Research and implementation of multi-disease diagnosis on chest X-ray based on vision transformer

Quant Imaging Med Surg. 2024 Mar 15;14(3):2539-2555. doi: 10.21037/qims-23-1280. Epub 2024 Mar 4.

Abstract

Background: Disease diagnosis in chest X-ray images has predominantly relied on convolutional neural networks (CNNs). However, Vision Transformer (ViT) offers several advantages over CNNs, as it excels at capturing long-term dependencies, exploring correlations, and extracting features with richer semantic information.

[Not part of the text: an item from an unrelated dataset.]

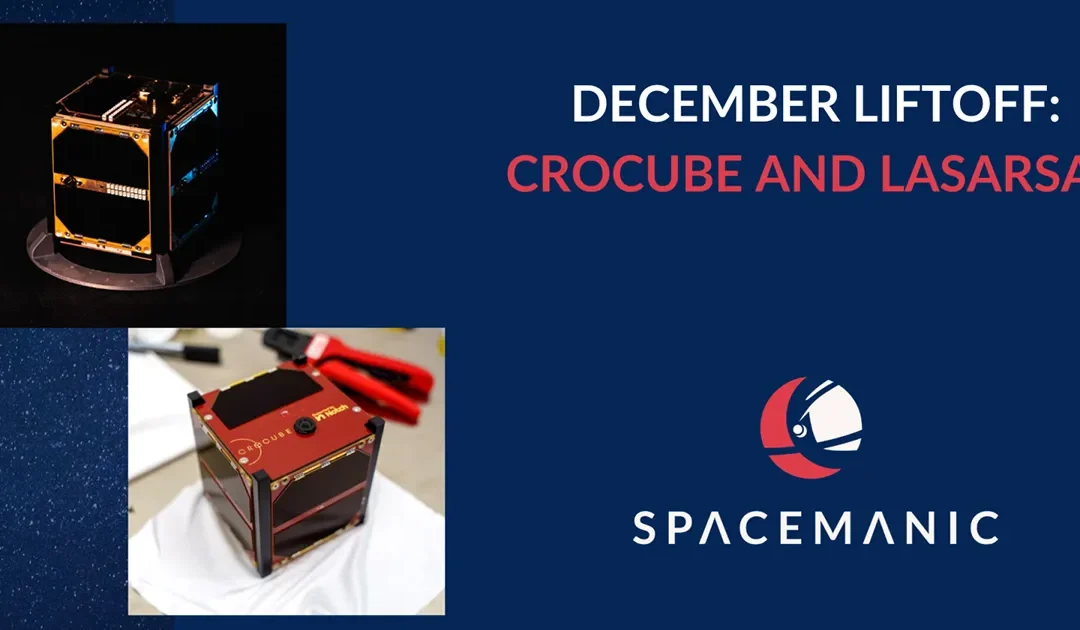 December liftoff: CroCube and LASARsat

Methods: We adapted ViT for chest X-ray image analysis by making the following three key improvements: (I) employing a sliding window approach in the image sequence feature extraction module to divide the input image into blocks to identify small and difficult-to-detect lesion areas; (II) introducing an attention region selection module in the encoder layer of the ViT model to enhance the model's ability to focus on relevant regions; and (III) constructing a parallel patient metadata feature extraction network on top of the image feature extraction network to integrate multi-modal input data, enabling the model to synergistically learn and expand image-semantic information.

Results: The experimental results showed the effectiveness of our proposed model, which had an average area under the curve value of 0.831 in diagnosing 14 common chest diseases. The metadata feature network module effectively integrated patient metadata, further enhancing the model's accuracy in diagnosis. Our ViT-based model had a sensitivity of 0.863, a specificity of 0.821, and an accuracy of 0.834 in diagnosing these common chest diseases.

Conclusions: Our model has good general applicability and shows promise in chest X-ray image analysis, effectively integrating patient metadata and enhancing diagnostic capabilities.

Keywords: Medical image classification; chest X-ray images; disease diagnosis; metadata; visual self-attention model.